Second, the district court departed downward from criminal history category VI to category V in imposing sentence, noting that many of Murry's criminal history points were for traffic offenses. Borsberry suggests that Murry might challenge the district court's refusal to grant a departure to category IV, as was requested. The Court of Appeals, however, has no jurisdiction to review the extent of a downward departure from an otherwise lawful sentence. United States v. Yahne, 64 F.3d 1091, 1094 (7th Cir.1995). Thus, an appeal based on this issue would be frivolous.
Finally, Murry could potentially challenge the assessment of criminal history points for his traffic offenses, which include three convictions for driving with a revoked license and one conviction for reckless driving. Murry received jail sentences of over 30 days for each of these convictions. The guidelines explicitly state that these offenses count toward a defendant's criminal history if a jail term of over 30 days is imposed. U.S.S.G. § 4A1.2(c)(1). Thus, any argument that criminal history points should not have been applied to the traffic violations would be frivolous.

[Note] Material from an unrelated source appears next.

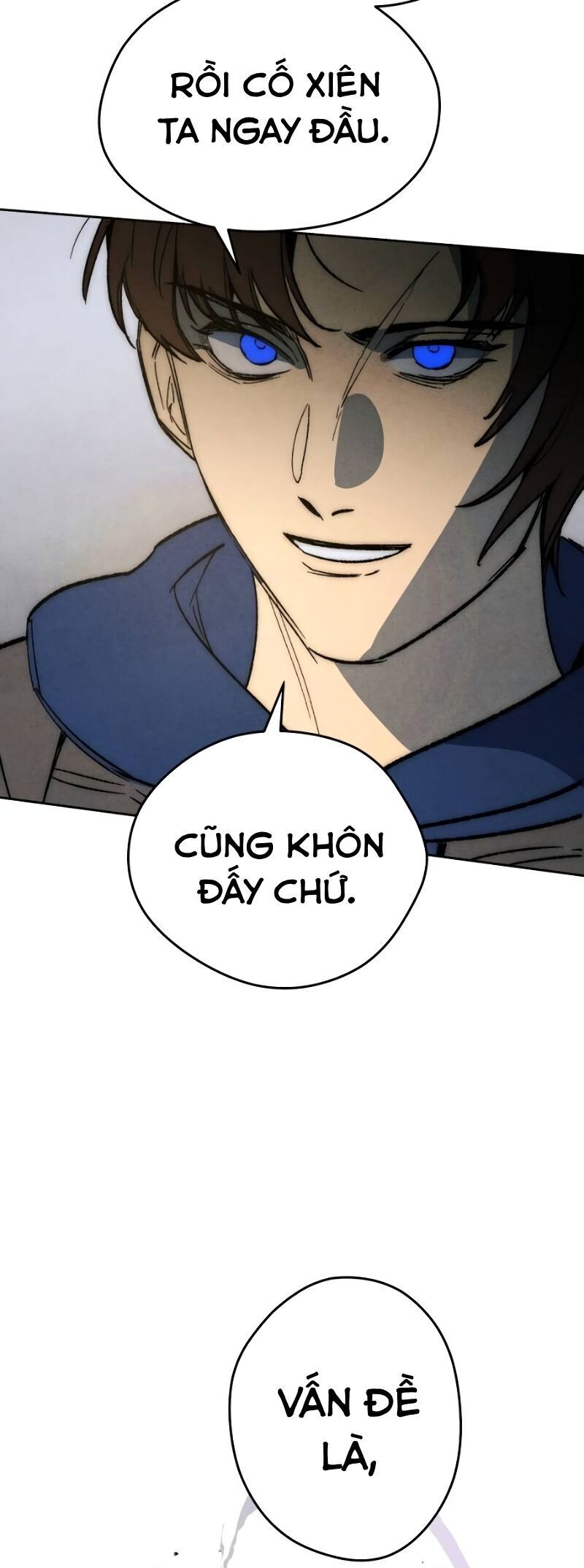 Hand Jumper Chap 82 - Next Chap 83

Our independent examination of the record revealed one additional potential argument. The presentence report states that the probation office was unable to verify that Murry was represented by counsel in the trials where he was convicted of the traffic violations. Because he received terms of imprisonment for these convictions, he had a right to counsel under the Sixth Amendment. Faretta v. California, 422 U.S. 806, 807 (1975). If Murry establishes that he was convicted of the traffic offenses in violation of his right to counsel, the convictions may not be used to enhance his current sentence. United States v. Hoggard, 61 F.3d 540, 542 (7th Cir.1995); cf. Custis v. United States, 114 S.Ct. 1732, 1737-39 (1994). All four of the traffic violations were prosecuted in the Peoria traffic court. While noting that the Peoria traffic court files did not indicate whether Murry was represented by counsel, the presentence report states that the Peoria traffic court follows a policy of assigning public defenders to represent defendants when a term of imprisonment may be imposed. The Peoria traffic court thus has a "custom and practice" of insuring that defendants are granted their Sixth Amendment right to counsel, and we will presume that this practice was followed unless Murry introduces evidence to the contrary. Hoggard, 61 F.3d at 543. The record contains no evidence that Murry was deprived of his right to counsel in the Peoria traffic court. Thus, any appeal on this issue would be frivolous.
After reviewing the record, we agree that any appeal from Murry's conviction and sentence would be frivolous. Therefore, we GRANT counsel's motion to withdraw and DISMISS the appeal.